Two train tracks merging into one.An adverbial clause is a subordinate clause‏‎ that act as the adverb in a sentence. It normally answers the questions: how, when, where, how much.

We can join two clauses using a simple conjunction.

She heard the door open while she was watching television.

The second clause can be turned into an adverbial clause by using the present participle.

She heard the door open while watching television.

We can use the present participle by itself to show something happening simultaneously or just previously to the main event.

Watching TV, she heard the door open.

Laughing, I walked out.

Standing up, he introduced himself.

N.B. Using perfect forms makes the construction more formal.

Standing up, he introduced himself.

(spoken; informal)

Having stood up, he introduced himself.

(written; formal)

These types of sentences are all examples of reduction. See below for more on this.

Reduction of Adverbial Clauses

An adverbial clause can be reduced to a word when the main clause and the adverbial (subordinate) clause have the same subject.

My sister snores while she sleeps.

My sister is the subject of both the main clause My sister snores and the subordinate clause while she sleeps.

How to Reduce

There are two ways in which you can reduce an adverbial clause to a phrase. You use one or the other according to whether the adverbial clause is in the past continuous (or progressive) or in the simple past (past tense).

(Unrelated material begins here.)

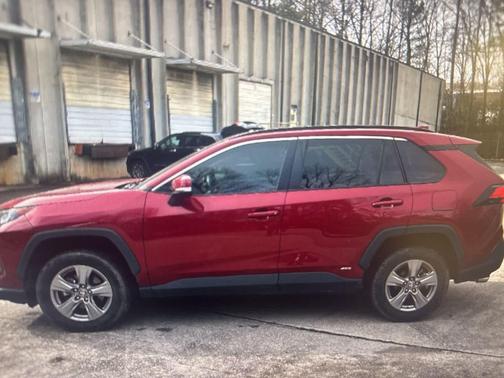 2022 Toyota RAV4 Hybrid LE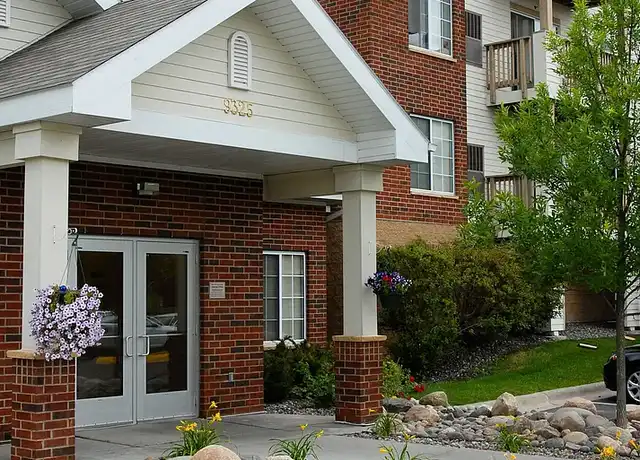 Property at Arbor Glen Apartments - 9325 Garland Ln N, Maple Grove, MN, 55311, 1-2 bed, 1-2 bath, [object Object]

  • Adverbial clause in the past continuous (or progressive)

While she was chopping the onions, she cut her finger.

To reduce this adverbial clause simply drop the subject and the verb to be.

While chopping the onions, she cut her finger.

  • Adverbial clause in the simple past

Before we sat down for dinner, we always washed our hands.

To reduce this adverbial clause simply drop the subject and turn the past tense into a gerund.

Before sitting down for dinner, we always washed our hands.